Coronado National Memorial skirts right up to the Mexican border. In fact, the border is only about a mile away. The only traffic I saw while in the park was Border Patrol.
I'm not sure when the best time of year is to visit Coronado, but it would have to be early February for me. At least it wasn't going to be blazing hot. Well, still too hot for my taste, but I'm weird like that.
Arizona is going through the same lack-luster winter as Colorado. No rain, no snowy peaks (yes, Arizona gets snow), and above average temps. The dry, dusty landscape is begging for moisture. But, it's still beautiful.
I spent my free time in Coronado National Memorial on, and around Montezuma Pass. A dirt/gravel road twists and turns its way to the summit. There is a parking lot at the top of the pass, with access to several trailheads, and 360° views. I only had a few hours before sunset, so I picked the shortest trail (Coronado Peak Trail) and began my search for a good composition.
The hike to the top of Coronado Peak is a quick one. The trail is only about .5 mi. long, and gains about 300ft. So, an easy hike to complete if you're in a hurry. The summit offers wide-open vistas of Mexico, and the San Rafael Valleys below.
I found a few interesting shots during the hike, but nothing I was super excited about. So, I hiked back down to my rental car, and went exploring. I had about fifty minutes before sunset, so I needed to find something fast.
Keep Your Eyes Open
I was in luck! Below the pass, I found an unmarked trail, at the base of Copper Canyon. I parked the car, scrambled to get all my gear together, and darted off into the unknown. The rocky trail followed along the floor of the canyon, and was already in deep shadow—the light was fading fast. Enough light filtered down through the trees to keep hiking, but not enough for a good photograph. If I wanted to photograph something, I would need to get out of the shadows, and into the sunlight. My best bet was up on the ridge above me.
After a few minutes of searching, and wandering the leaf-covered hillside, I spotted a deer path. The narrow, dusty stripe of bare ground knew exactly where I wanted to go. I hopped onto this trail, and followed it up, and around some large, craggy, rocks to the top of the ridge. That sure made it easy.
The sun was starting to set, casting a warm glow over the rough terrain. It wasn't going to be a spectacular, cloudscape-filled sunset (there wasn't a cloud in the sky), but it was still a memorable experience. I took me longer than I wanted to find a composition, but I still enjoyed the results. I have to remind myself, a lot, that not every photograph I make is going to be the-greatest-photograph-I've-ever-made. Sometimes, I learn more from having to run-around, and find a photograph, than having all-day to plan.
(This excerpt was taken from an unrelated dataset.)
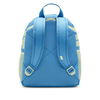 NIKE - Brasilia Jdi Mini Backpack Sırt Çantası (1)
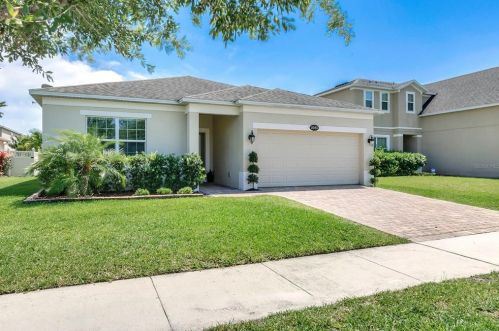 3561 Creswick Cir, Orlando, FL 32829-7391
I wanted to get back to the rental car before the sun drifted below the distant mountains. I packed up my gear, and headed back down the deer path. I was almost back to the start of the trail, when I spotted a cool looking tree. I didn't even noticed this grand, old Arizona Sycamore when I walked by it earlier. But, now the low-setting light reached into the canyon—at the perfect angle—and bathed the smooth bark in golden tones. I don't usually single out a tree to photograph, but this one stood out, and I couldn't pass it up.
I'm glad I've stuck to most of New Year's resolutions. If not, I would've been a lazy slug, and missed exploring in Coronado National Memorial. I also would have missed some good photography practice.